Student’s question: Should insurance be offered to the troubled banks & mortgage companies?
By the way, your question is actually the same by saying ‘Whether the US government should bail out these troubled companies?’ The outcome is still the same & that is those financial companies will be finally bailed out. The difference is who should bail them, government or insurance companies?
I’m not an expert about insurance here, but I’ll try to reason it out. Before arriving at your question, I need you to understand the purpose of insurance & the concepts of moral hazard.
Insurance is a form of risk management tool which means transfer of loss to another party. Moral hazard is defined as the risk of a presence contract will actually change the behavior of a party. Say (hypothetical example), if your car is not insured, then you will take good care of it to avoid being stolen. If it was insured for its full value, then if stolen you do not really lose out. Therefore you have less incentive to take care of it
Same goes for banks & mortgage companies here. If their risk is insured, they may start again another round of reckless lending which may cause all of us to end up in another sub-prime mortgage crisis, knowing that the government & insurance companies are ready to bail them out once again. From free market point of view, these ‘inefficient’ companies should be left out, allowed to bankrupt & perish.

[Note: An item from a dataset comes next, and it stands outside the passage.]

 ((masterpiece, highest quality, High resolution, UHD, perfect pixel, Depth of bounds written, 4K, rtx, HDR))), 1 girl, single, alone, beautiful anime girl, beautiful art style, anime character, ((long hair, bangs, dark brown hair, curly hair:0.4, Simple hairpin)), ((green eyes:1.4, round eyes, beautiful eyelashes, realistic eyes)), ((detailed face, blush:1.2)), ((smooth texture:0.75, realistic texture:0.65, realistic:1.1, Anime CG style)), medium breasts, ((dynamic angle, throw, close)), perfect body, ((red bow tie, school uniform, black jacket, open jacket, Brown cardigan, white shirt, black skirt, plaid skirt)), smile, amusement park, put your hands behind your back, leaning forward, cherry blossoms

However, I argue against the usage of free-market principle in this case. If those banks were insignificant to global economy then yes, they should be left out. Somehow, influence of Freddie Mac, Fannie Mae, Merrill Lynch, Lehman Brothers & many more are just too great to be ignored just like that. It’s better to harm the taxpayers’ wallet than to see everyone being jobless, increase in crime rate, worsening poverty rate & global economy slowing down which feeds through the multiplier effect
Hope that answer your question Paul.